- **Work request**
Please copy the data below exactly, from its first line through the line holding "If there's anything", and skip the pictures.

- **Supplied information**
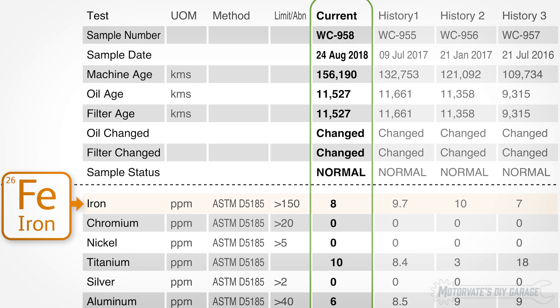Next up is iron, which is generally from cylinder walls, valve train, balance shafts, or any steel part in contact with the oil. It was 7, 10, 9.7, and now it's 8 parts per million. Over the last two years it's ranged between 7 to 10 parts per million, and consistent results like this over a narrow range indicates all is well.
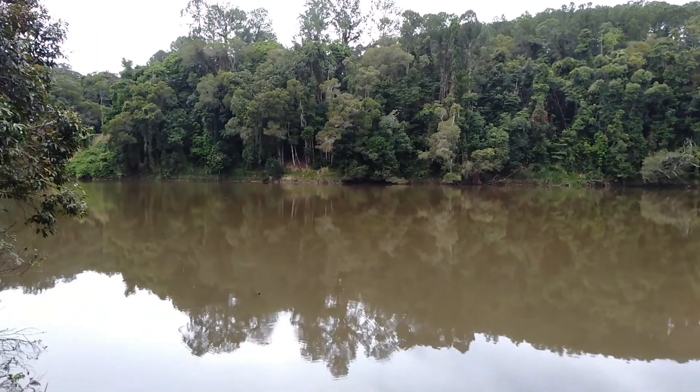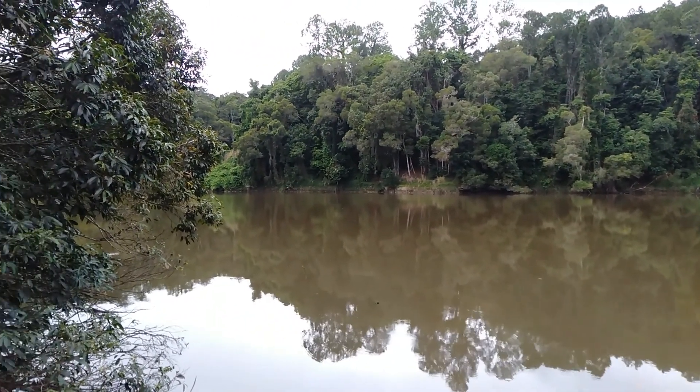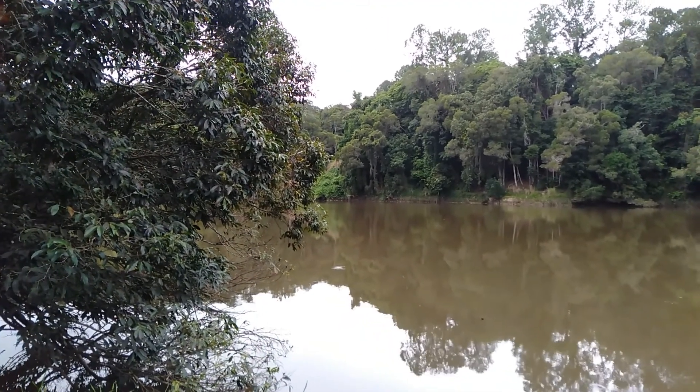The river looks muddy at the moment — that's because it's our wet season and the rain stirs up the mud in the bottom of the river.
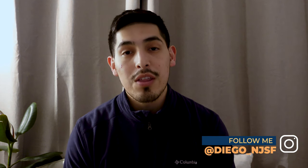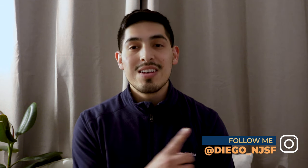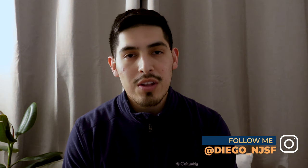If there's anything I missed or a particular area you'd like me to go into more, just drop a comment below and I'm more than happy to make a video about it. I hope you enjoyed this video — like, comment, subscribe, and follow me on Instagram at diego_njsf. Thank you for the support, take care, and until next time, bye!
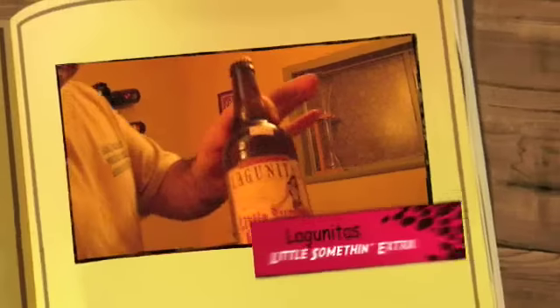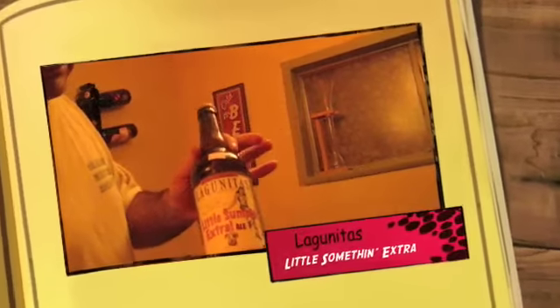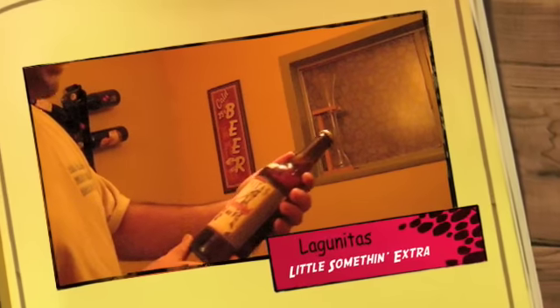Hello, it's me with Norm once again, and we have another beer today. This one kind of caught my eye because it was a limited edition, and if you see this, it might not even be making it anymore. But Lagunitas is the brewery, and that's the way I've been saying it.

- **Exercise result**
Next up is iron, which is generally from cylinder walls, valve train, balance shafts, or any steel part in contact with the oil. It was 7, 10, 9.7, and now it's 8 parts per million. Over the last two years it's ranged between 7 to 10 parts per million, and consistent results like this over a narrow range indicates all is well.
The river looks muddy at the moment — that's because it's our wet season and the rain stirs up the mud in the bottom of the river.
If there's anything I missed or a particular area you'd like me to go into more, just drop a comment below and I'm more than happy to make a video about it. I hope you enjoyed this video — like, comment, subscribe, and follow me on Instagram at diego_njsf. Thank you for the support, take care, and until next time, bye!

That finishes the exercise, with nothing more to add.